**Your assignment**.
Only the lines from the line containing "Paisley chiffon dress - General plane" to the end of the material belong in the copy; set them down exactly, without pictures.

**Data provided**.
__________________________________________________
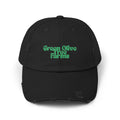 Distressed Baseball Cap — "Green Olive Tree Farms" Retro Script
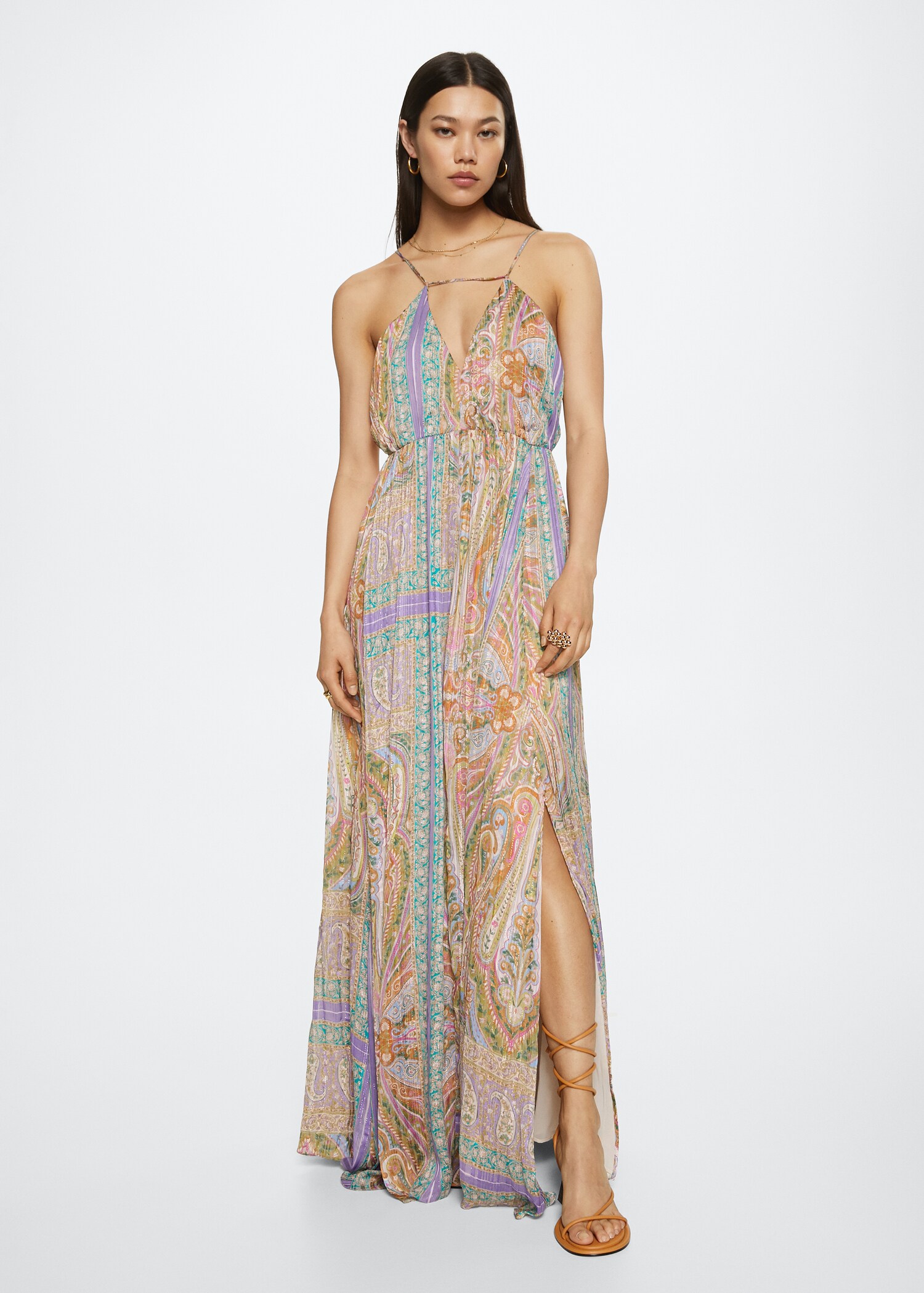 Paisley chiffon dress - General plane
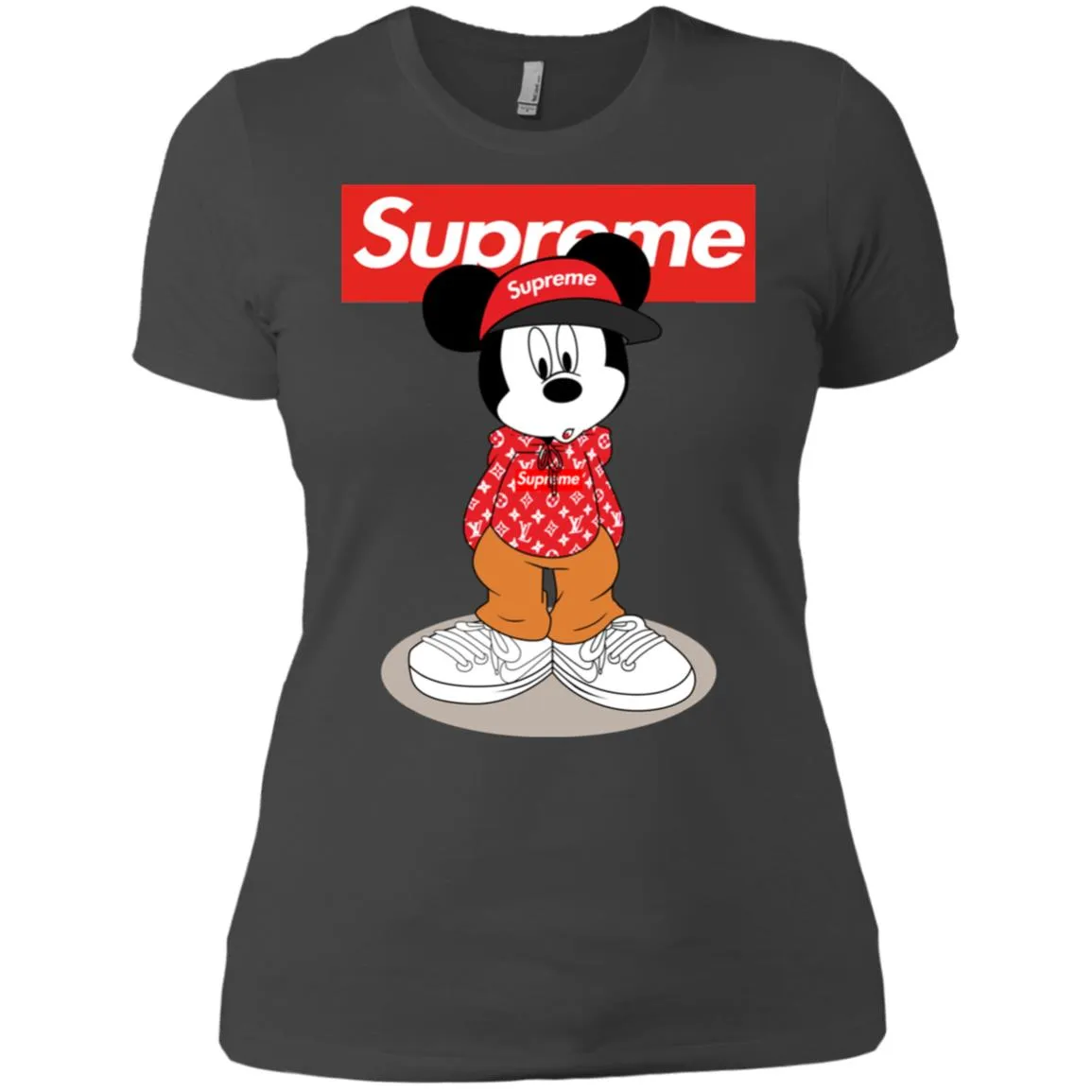 Supreme Mickey Mouse T-shirt Women Cotton T-Shirt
__________________________________________________
**Written solution**.
 Paisley chiffon dress - General plane
 Supreme Mickey Mouse T-shirt Women Cotton T-Shirt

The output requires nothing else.